Lübnan Caferi Müftüsü Şeyh Ahmed Kablan, hükümet toplantısında yapılacak herhangi bir hatanın ülkeyi "felaketin kalbine" sürükleyeceği uyarısında bulundu. Ordu ve direnişin birbirinden ayrılamayacağını vurgulayan Kablan, Cumhurbaşkanı Jozef Aun'u anayasal garantör rolünü oynamaya çağırdı.




YDH - Lübnan Caferi Müftüsü Şeyh Ahmed Kablan, bakanlar kurulu toplantısında tekrarlanacak herhangi bir hatanın ülkeyi "felaketin kalbine" yerleştireceğini belirtti.

El-Ahbar gazetesinin haberine göre Kablan, Mevlid-i Nebi mesajında gündeme ilişkin değerlendirmelerde bulundu.

Kablan, "Bu an, sinmiş vekilleri değil, cesur ve aklıselim sahibi insanları gerektiriyor.

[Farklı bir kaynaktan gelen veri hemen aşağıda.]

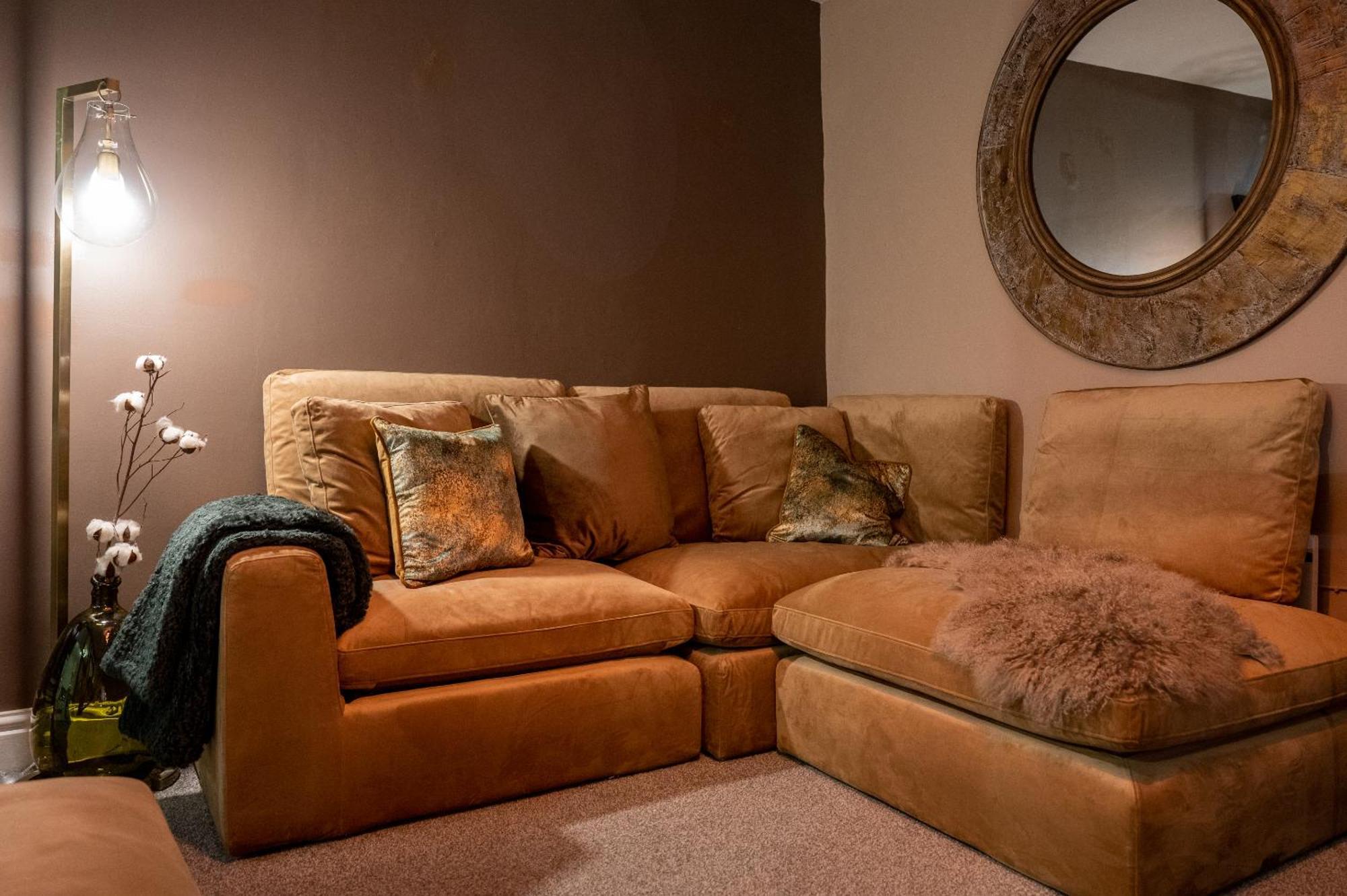 At Home Shrewsbury Chambre photo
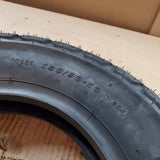 130/90 - 10" Front/Rear Flat Dirt Track Tire K180 Dunlop Motorcycle Street legal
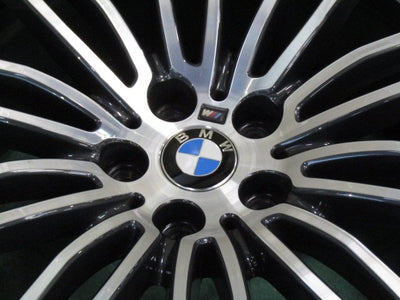 人気の純正・5シリーズ・G30・G31・6シリーズ・G32【ホイール】ＢＭＷ　G30　5シリーズ　Ｍスポーツ純正　 ダブルスポークスタイリング664M【タイヤ】ハンコック　ベンタスS1Evo3（保土ヶ谷本店）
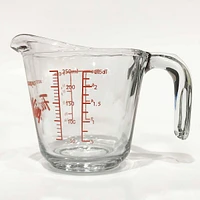 Fire-King 8oz Glass Measuring Cup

Lübnan'ımız tehlikede ve bakanlar kurulu toplantısında tekrarlanacak herhangi bir hata, ülkeyi felaketin tam ortasına sürükleyecektir," dedi.

Kablan, uluslararası, bölgesel ve yerli bazı aktörlerin Lübnan'ı harabeye çevirmek, yeniden siperler kazmak ve ülkeyi kana bulamak için çalıştığını ifade etti.

Cumhurbaşkanı Aun'a çağrı: Anayasayı koruyun

Cumhurbaşkanı Jozef Aun'a seslenen Kablan, "Siz anayasal bir garantörsünüz ve gözler sizin üzerinizde. An, kader anıdır. Ülke bir misak üzerine kuruludur ve kaderini ilgilendiren kararlar uzlaşıyla alınır," diye konuştu.

Lübnan'ı kuran temel mezheplerin, hükümetin ve meclisin meşruiyetinin bir şartı olduğunu vurgulayan Kablan, sözlerini şöyle sürdürdü:

"Anayasal garantörlüğü sağlamak ve misaka aykırı her türlü toplantı veya kararı engellemek sizin sorumluluğunuzdadır. Yapılması gereken, ulusal yapıyı ve meşruiyetinin doğasını korumaktır. Hükümet, bu büyük hatayı telafi etmekten saatler uzakta. Lübnan'ın kurucu misakını ve iç barışı tehdit etmekten sakının. Bu alanda atılacak maceracı bir adım, İslam ve Hristiyanlığın ülkesi için varoluşsal bir tehlikedir."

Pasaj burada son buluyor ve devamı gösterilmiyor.